One person who was rarely mentioned? Arizona’s John McCain. Despite McCain’s rapidly fading reputation for being a maverick, he’s not known as a health care wonk or a lawmaker who cares about preserving social welfare programs in general. And yet it was a smiling McCain—playing coy with both reporters and his colleagues—who ultimately killed the bill early Friday morning.
The final hours of the Senate’s shameful attempt at repealing Obamacare were fittingly absurd. The bill wasn’t made public until 10pm. Many Republicans, like McCain’s BFF Lindsey Graham, had already slammed it as a “disaster.” Leadership was spinning it as little more than a procedural step to move on to conference committee, but it had all the makings of a fait accompli.
When it became clear that McCain might be voting no, things got really weird. The Senate floor turned into a scene of furious lobbying, with Vice President Mike Pence and Majority Leader Mitch McConnell trying to bring either Murkowski or McCain back in the fold. No one knew how McCain would vote, so every small gesture—a hug, a smile—became a sign. It would have been silly, if not for the stakes.
When McCain finally cast his “no” vote, Democrats broke into spontaneous and brief applause. But how did McCain become health care’s savior?
The answer might lie in the speech he gave when he returned to the Senate on Wednesday. He tore into Republican leadership for “coming up with a proposal behind closed doors in consultation with the administration, then springing it on skeptical members, trying to convince them that it was better than nothing.” He added, “I don’t think that’s going to work in the end, and it probably shouldn’t.”

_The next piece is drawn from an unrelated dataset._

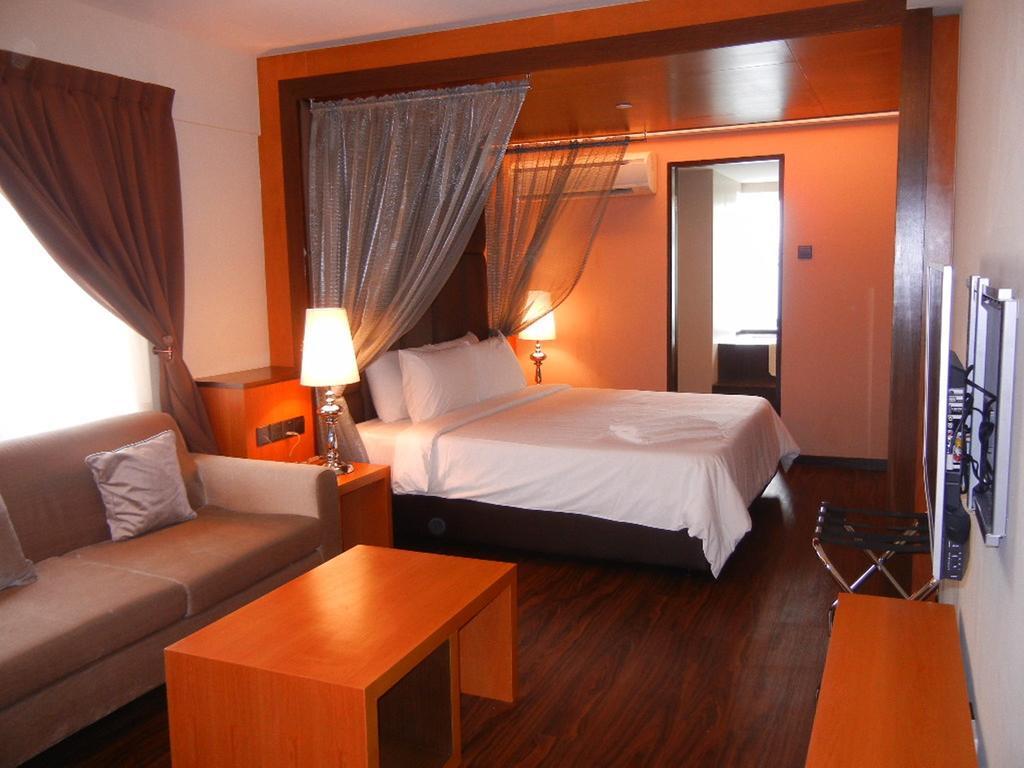 C'Haya Hotel Kota Kinabalu Oda fotoğraf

McCain returned to that institutionalist line in his statement after the “no” vote, saying, “We must now return to the correct way of legislating.” Yet the only reason we got to this point is because McCain voted to override the correct way of legislating earlier in the week. In the most charitable reading of what the hell McCain was up to, he allowed the motion to proceed so he could ultimately kill the bill in the name of protesting the process. And, perhaps, giving a huge middle finger to Mitch McConnell and Donald Trump.